Below are entries with pictures in them. Output exactly the lines starting at the line with "Iz I shaolin" and ending at the line with "Kitchen and dining area", both included, but not the pictures.

# Provided records:
* * * * *

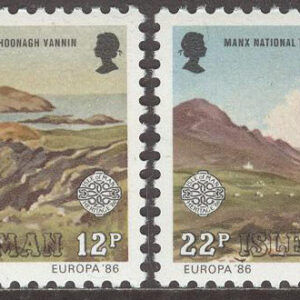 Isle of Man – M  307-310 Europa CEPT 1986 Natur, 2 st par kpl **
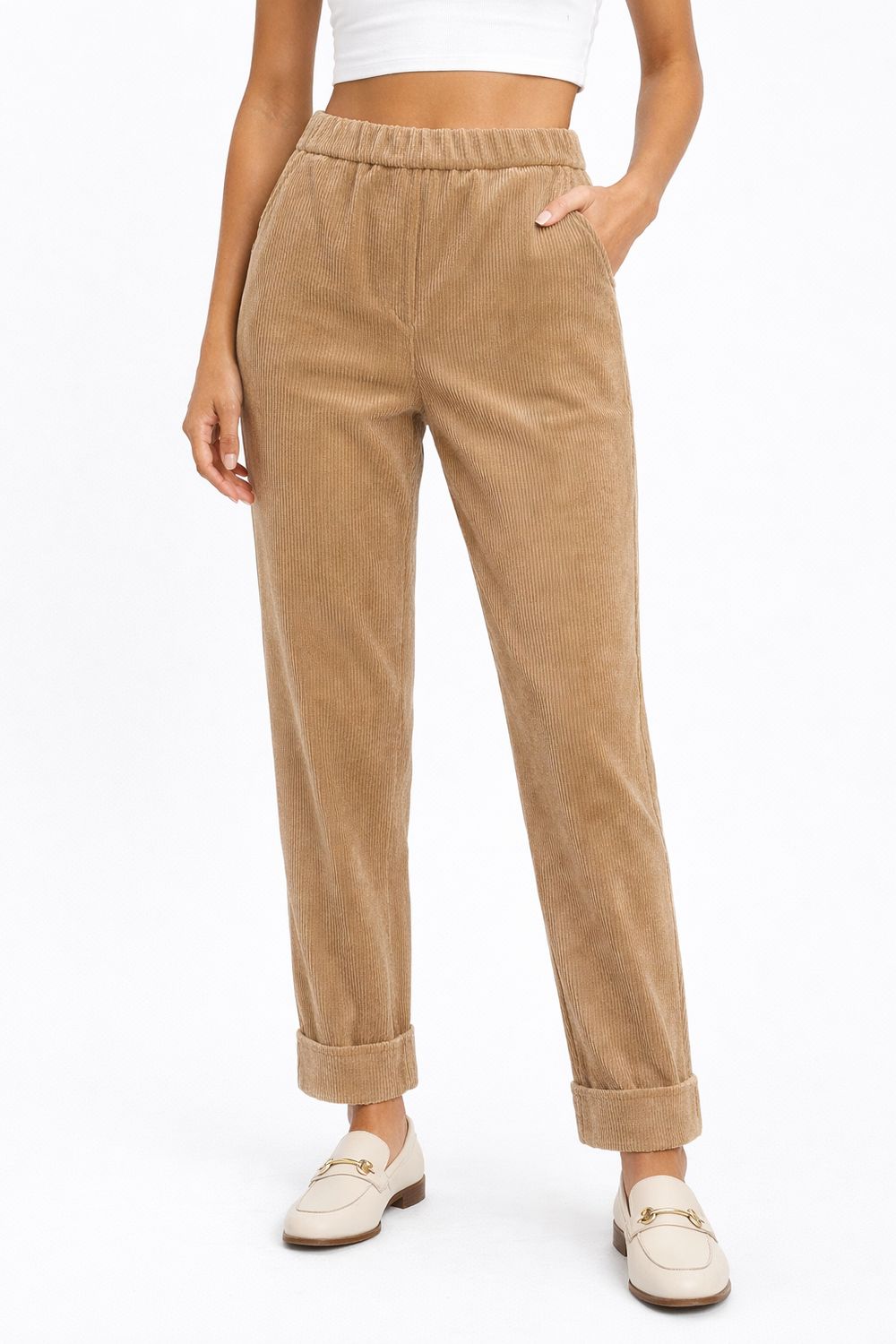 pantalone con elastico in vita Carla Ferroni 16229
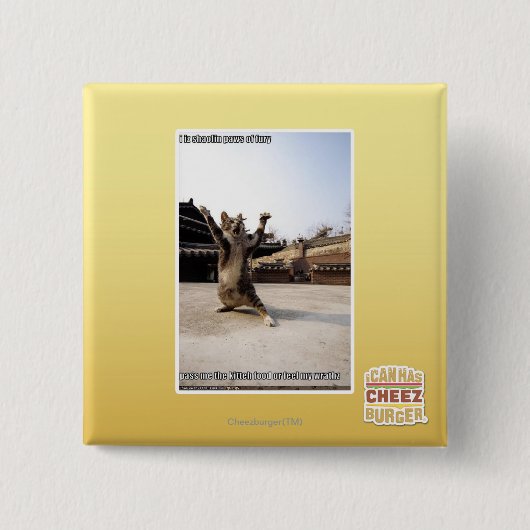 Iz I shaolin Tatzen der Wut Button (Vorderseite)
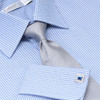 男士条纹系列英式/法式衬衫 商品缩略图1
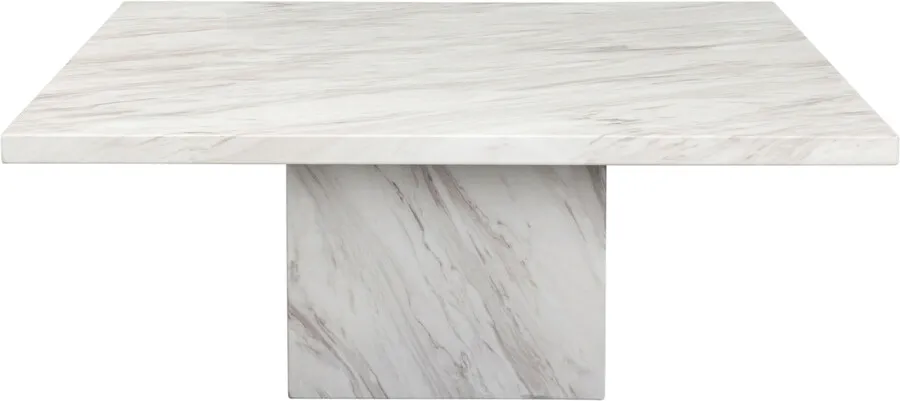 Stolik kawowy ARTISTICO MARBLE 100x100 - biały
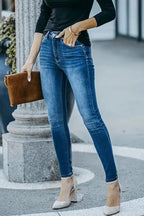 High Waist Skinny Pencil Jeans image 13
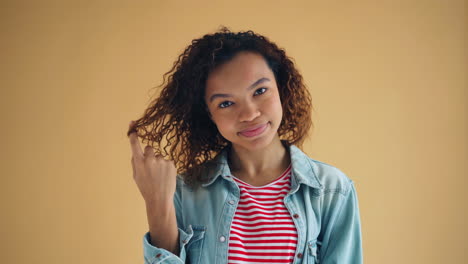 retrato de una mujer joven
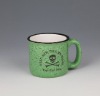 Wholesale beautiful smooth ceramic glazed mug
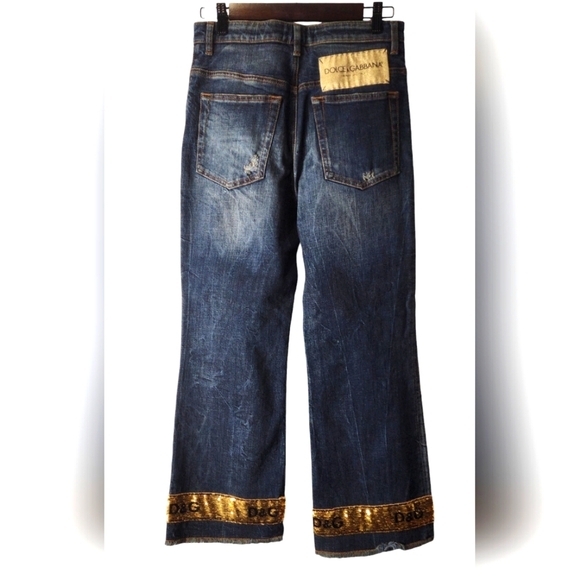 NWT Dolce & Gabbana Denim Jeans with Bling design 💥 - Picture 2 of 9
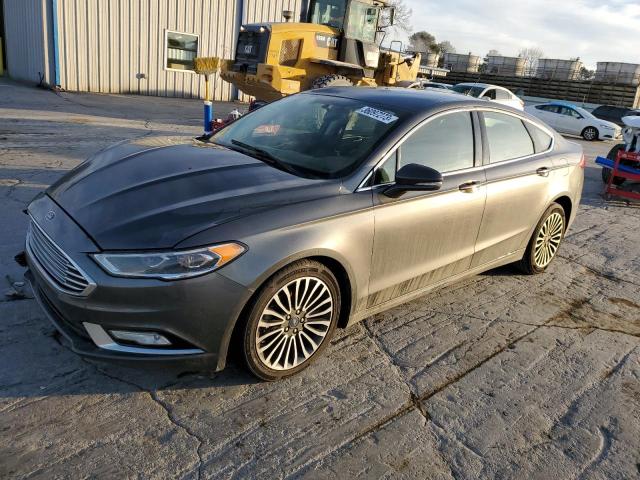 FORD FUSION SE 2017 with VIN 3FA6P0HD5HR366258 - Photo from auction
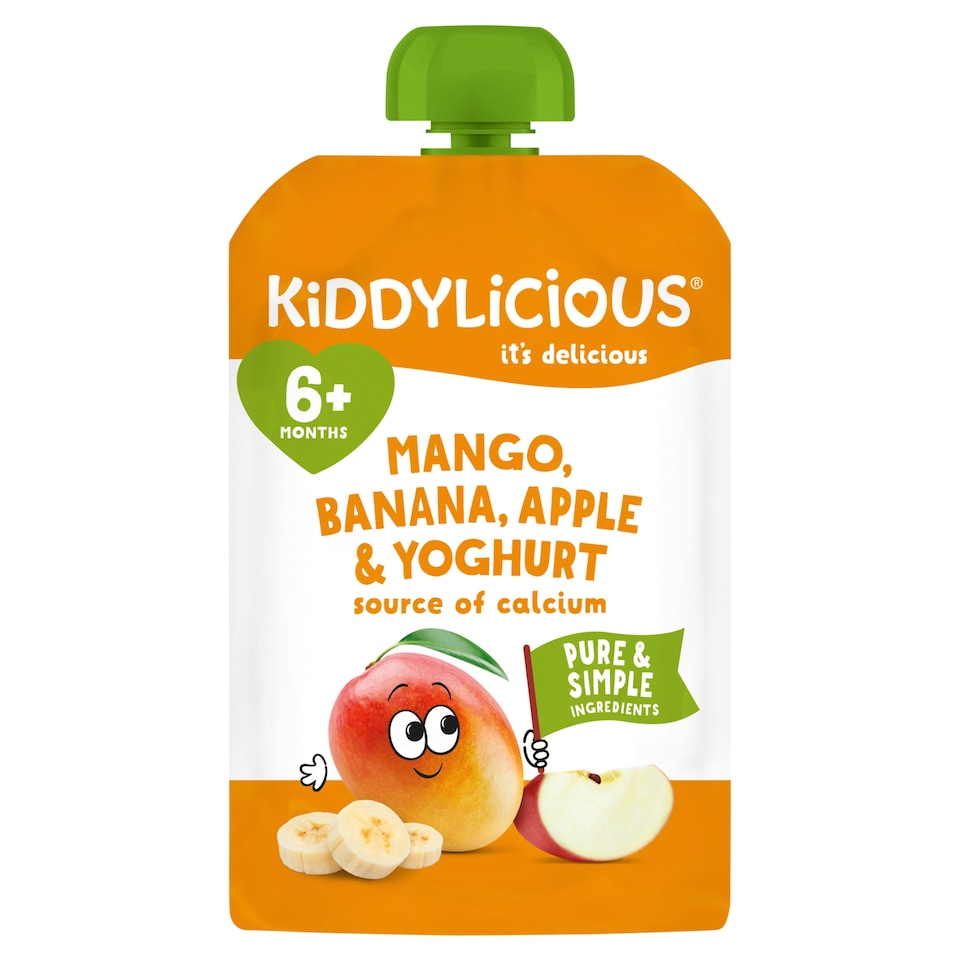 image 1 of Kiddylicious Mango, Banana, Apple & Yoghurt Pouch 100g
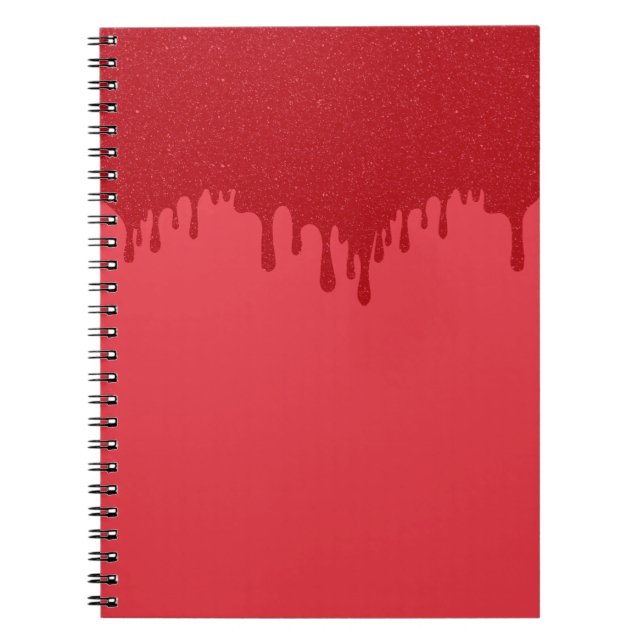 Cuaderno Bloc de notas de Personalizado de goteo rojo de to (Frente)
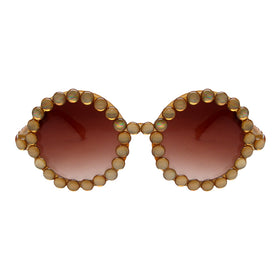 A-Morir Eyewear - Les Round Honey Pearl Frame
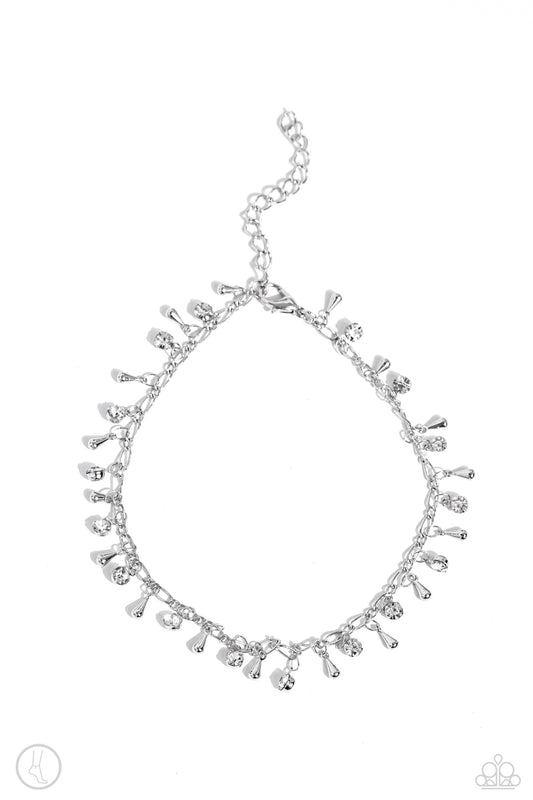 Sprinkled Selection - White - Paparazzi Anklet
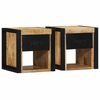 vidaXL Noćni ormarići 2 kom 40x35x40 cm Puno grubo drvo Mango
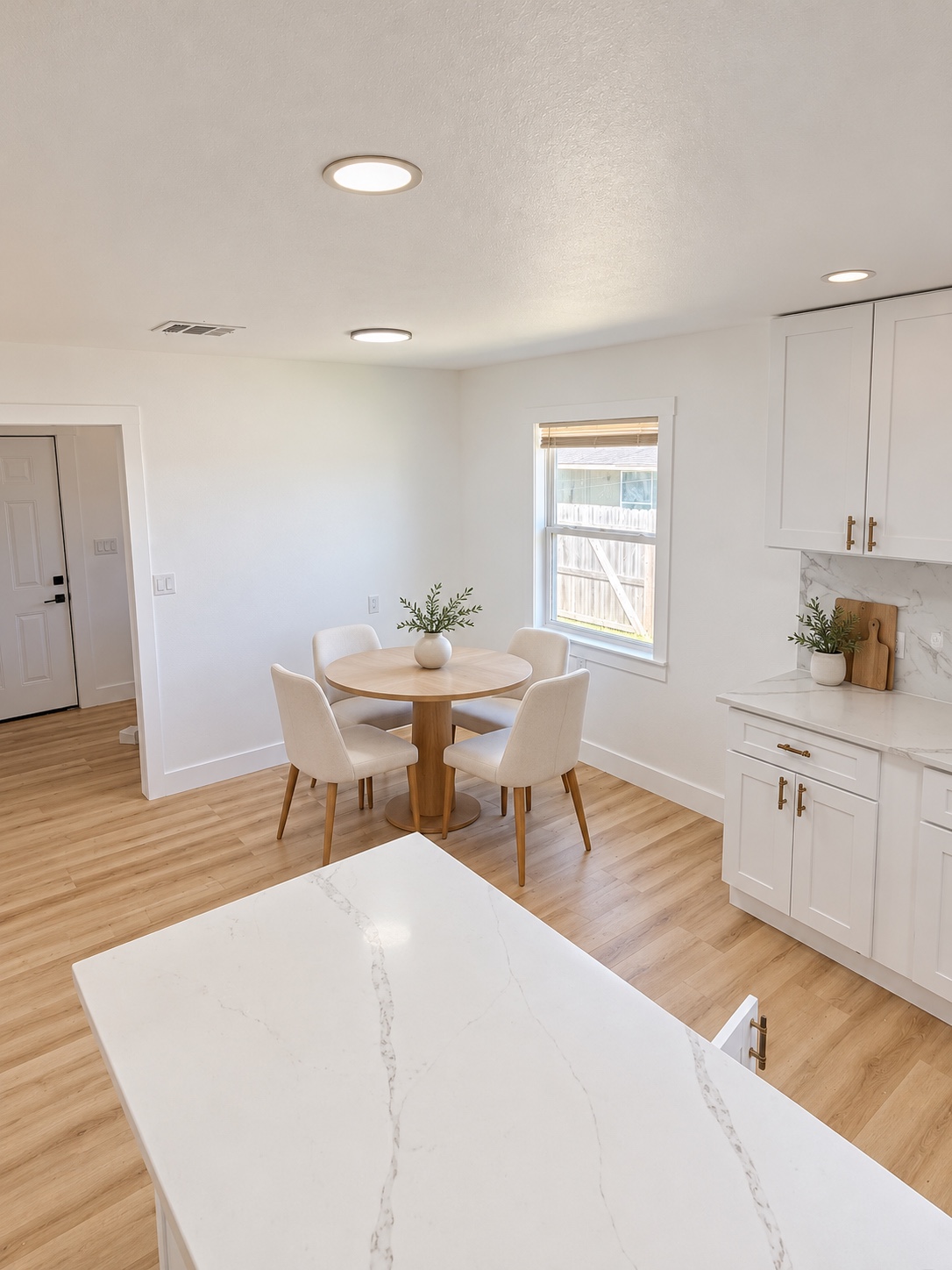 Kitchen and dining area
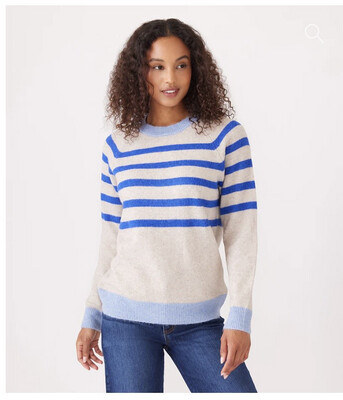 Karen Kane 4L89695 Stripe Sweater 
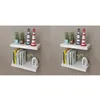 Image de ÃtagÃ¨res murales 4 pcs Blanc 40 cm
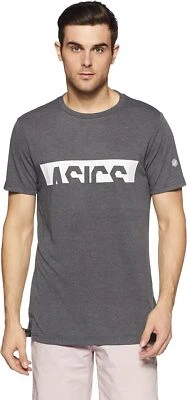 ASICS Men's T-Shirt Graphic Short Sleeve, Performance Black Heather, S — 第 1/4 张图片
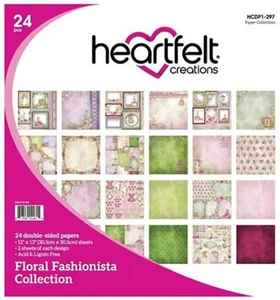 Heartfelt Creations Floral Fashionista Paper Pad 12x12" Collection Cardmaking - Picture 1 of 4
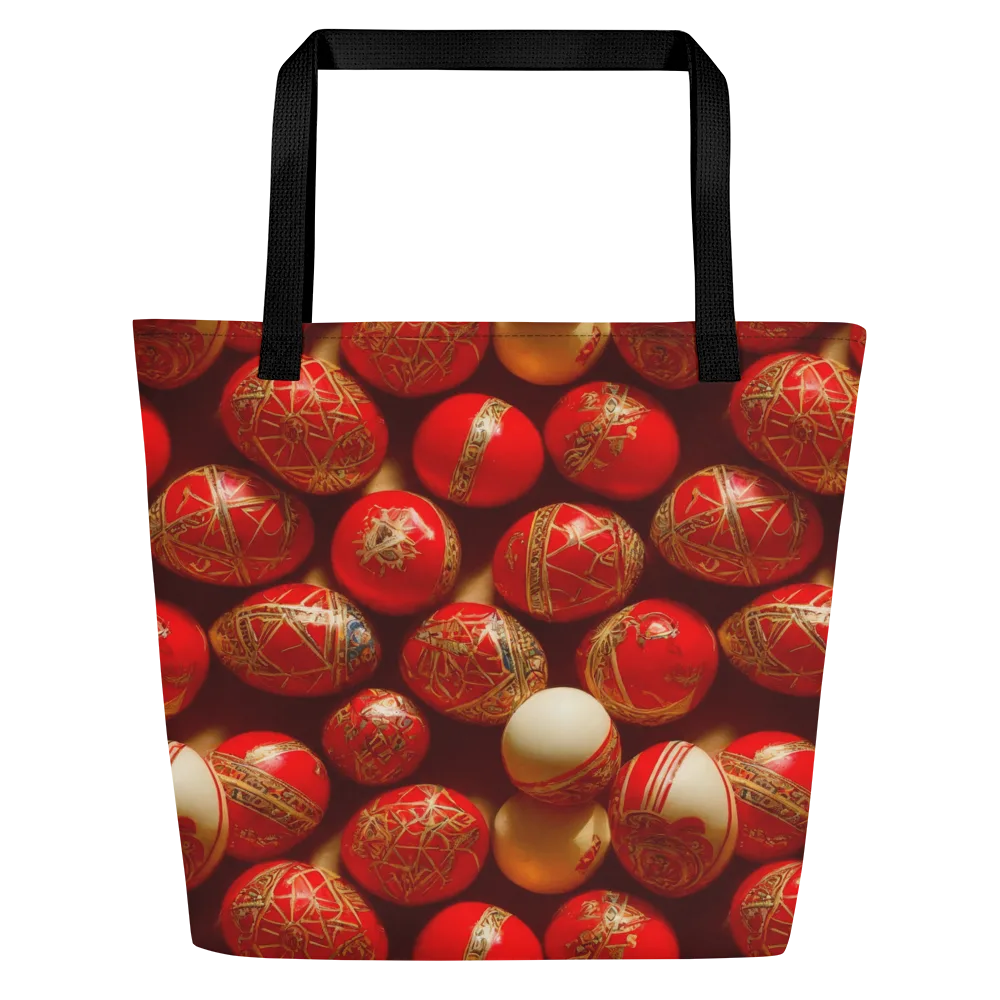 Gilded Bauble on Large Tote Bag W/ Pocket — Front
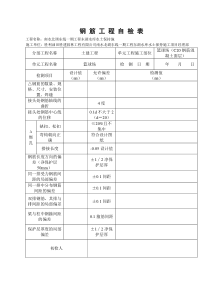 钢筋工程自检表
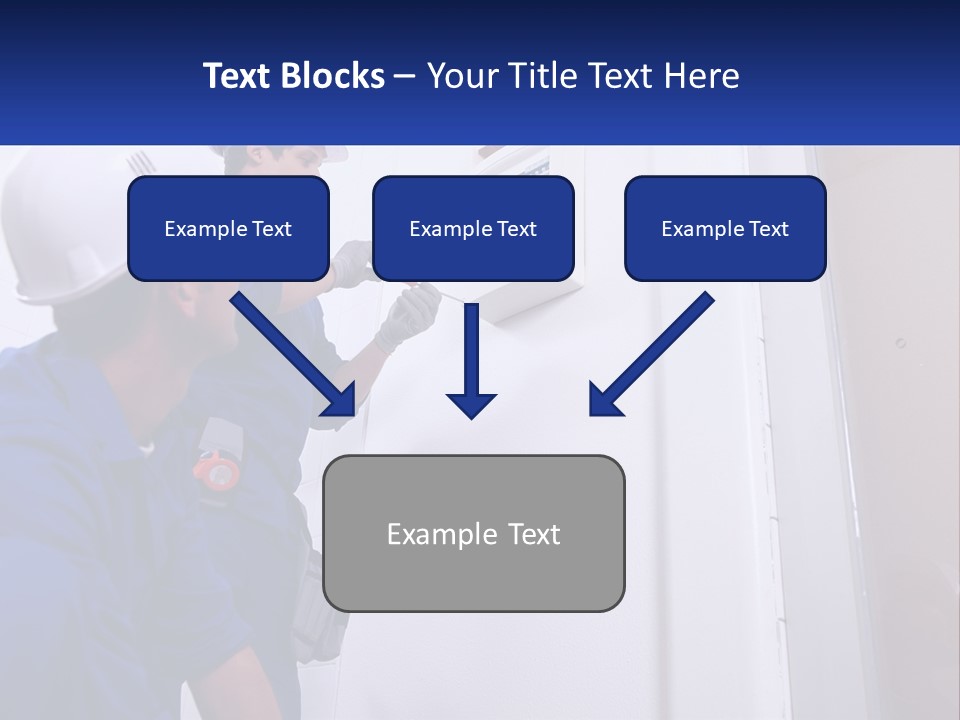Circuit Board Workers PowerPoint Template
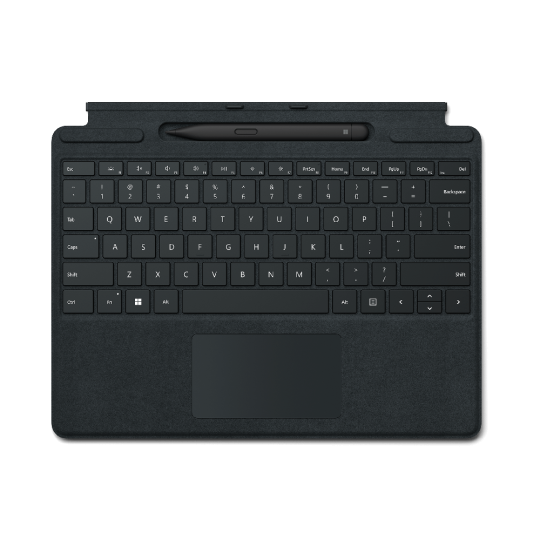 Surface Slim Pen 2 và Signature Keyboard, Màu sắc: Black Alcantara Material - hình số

* * * * *

# Your solution:
 Iz I shaolin Tatzen der Wut Button (Vorderseite)
 男士条纹系列英式/法式衬衫 商品缩略图1
 Stolik kawowy ARTISTICO MARBLE 100x100 - biały
 High Waist Skinny Pencil Jeans image 13
 retrato de una mujer joven
 Wholesale beautiful smooth ceramic glazed mug
 NWT Dolce & Gabbana Denim Jeans with Bling design 💥 - Picture 2 of 9
 FORD FUSION SE 2017 with VIN 3FA6P0HD5HR366258 - Photo from auction
 image 1 of Kiddylicious Mango, Banana, Apple & Yoghurt Pouch 100g
 Cuaderno Bloc de notas de Personalizado de goteo rojo de to (Frente)
 A-Morir Eyewear - Les Round Honey Pearl Frame
 Sprinkled Selection - White - Paparazzi Anklet
 vidaXL Noćni ormarići 2 kom 40x35x40 cm Puno grubo drvo Mango
 Kitchen and dining area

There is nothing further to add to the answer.